Nachdem man eine gefühlte Stunde vor der gestrengen Einlasskontrolle gewartet hatte, bekam man drinnen zur Belohnung ein Feuerwerk über dem Meer kredenzt, das die optischen Reize des zu feiernden Films locker in den Schatten stellte. Riesenhafte Kugeln wechselten mit punktgenauen Lichtstrahlraketen oder Goldregen gigantomanischen Ausmaßes ab. Dazu, was sonst, vom Wasser her „Star Wars“-Marschmusik.
„Solo“ selbst, der vom Werdegang des jungen Han Solo erzählt, war solide Unterhaltung mit einigen Momenten der Langeweile.
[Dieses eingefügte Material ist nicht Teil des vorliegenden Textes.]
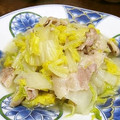 koko999's cooksnap of when they made 白菜農家の白菜と豚肉のあっさり煮.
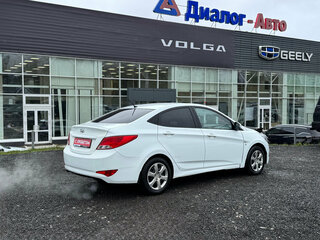 2016 Hyundai Solaris I Рестайлинг, белый, 894000 рублей, вид 5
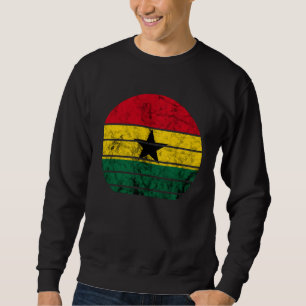 Ghana Sunset Ghanaian Flag African Roots Africa Sweatshirt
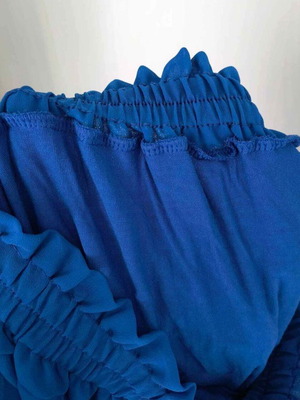 Maxi φούστα πλισέ καινούργια, one size, μπλε ρουά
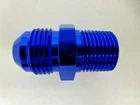 Russell 660480 Straight Male Adapter Fitting AN8 -8 8AN Flare To 3/8 Npt Blue New. Price: $12.95.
Einer der Gründe dafür ist der angenehm nichtssagende Hauptdarsteller Alden Ehrenreich, der sehr freundlich zu lächeln versteht.
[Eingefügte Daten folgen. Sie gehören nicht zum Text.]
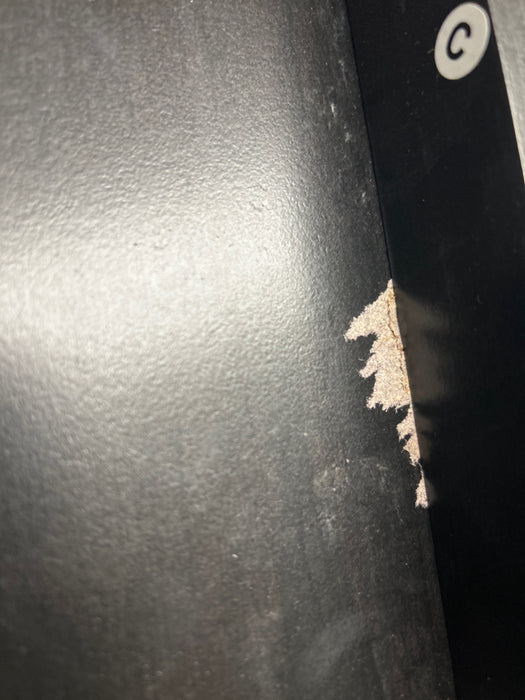 Mainstays Framed 3-Shelf Bookcase with Adjustable Shelves, True Black Oak - new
Bisher wurde ja noch nicht so viel gebuht in diesem Jahrgang. Wahrscheinlich, weil es im Wettbewerb so weit kaum Ausfälle gab, von Eva Hussons französischem Kriegsdrama „Girls of the Sun“ einmal abgesehen, das die eigentlich relevante und bewegende Geschichte um kurdische Soldatinnen, die im Irak den IS bekämpfen, in kitschigem Pathos ertränkt hatte und damit bei der Pressevorführung erste Protestrufe provoziert.
Mord-als-schöne-Kunst-des-Monologisierens
Lauter wurden die Stimmen bei Lars von Triers außer Konkurrenz gezeigtem Göttliche-Komödie-Splatter „The House That Jack Built“. Wenn man so möchte, ist dies nach Godards „Le livre d’image“ der zweite Essayfilm im Hauptprogramm, allerdings kann von Trier es nicht ganz mit dem französischen Kollegen aufnehmen.
Matt Dillon ist zweieinhalb Stunden als Jack zu beobachten, wie er Frauen und später noch Männer mit heftiger Brutalität ins Jenseits befördert. Dazwischen hat von Trier Reflexionen über die Kunst eingestreut, mit einer Diashow von projizierten Gemälden zur Illustration. Mehr noch geht es ihm aber um seine eigenen Filme, die er an einer Stelle sogar direkt zitiert.
Der Film ist in erster Linie ein Gespräch aus dem Off: Jack erzählt seine Geschichte, während der lange Zeit unsichtbare Verge (Bruno Ganz) Fragen stellt, um zu verstehen, was Jack mit seinem Mord-als-schöne-Kunst-des-Monologisierens bezweckt.
Verge, stellt sich heraus, ist kein Geringerer als Vergil, und geleitet den Dante-Jack durch ein paar Kreise der Hölle, bevor er ihn seinem Schicksal überlässt, nicht ohne ein paar schön farbig-verrückte Bilder des Infernos aufzubieten. Das ist krude, größenwahnsinnig – zu Hitler und den Konzentrationslagern hat dieser Jack selbstverständlich auch etwas zu sagen –, und am Ende fühlt man sich nicht einmal erlöst, wenn es vorbei ist. So etwas kann von Trier gut. Hier kann er vor allem mit Kunstblut langweilen.
Ermüdend, doch nicht langweilig: Stéphane Brisés Gewerkschaftsdrama „En guerre“ im Wettbewerb. Der Kampf der Belegschaft einer Fabrik gegen die Schließung ihres Standorts, angeführt vom wortgewandten Gewerkschafter Laurent, wird von Brisé als Kriegsfilm inszeniert. Wortgefechte statt Waffenfeuer, dazu Geländegewinne, Strategiewechsel, bröckelnde Fronten. Starker Film.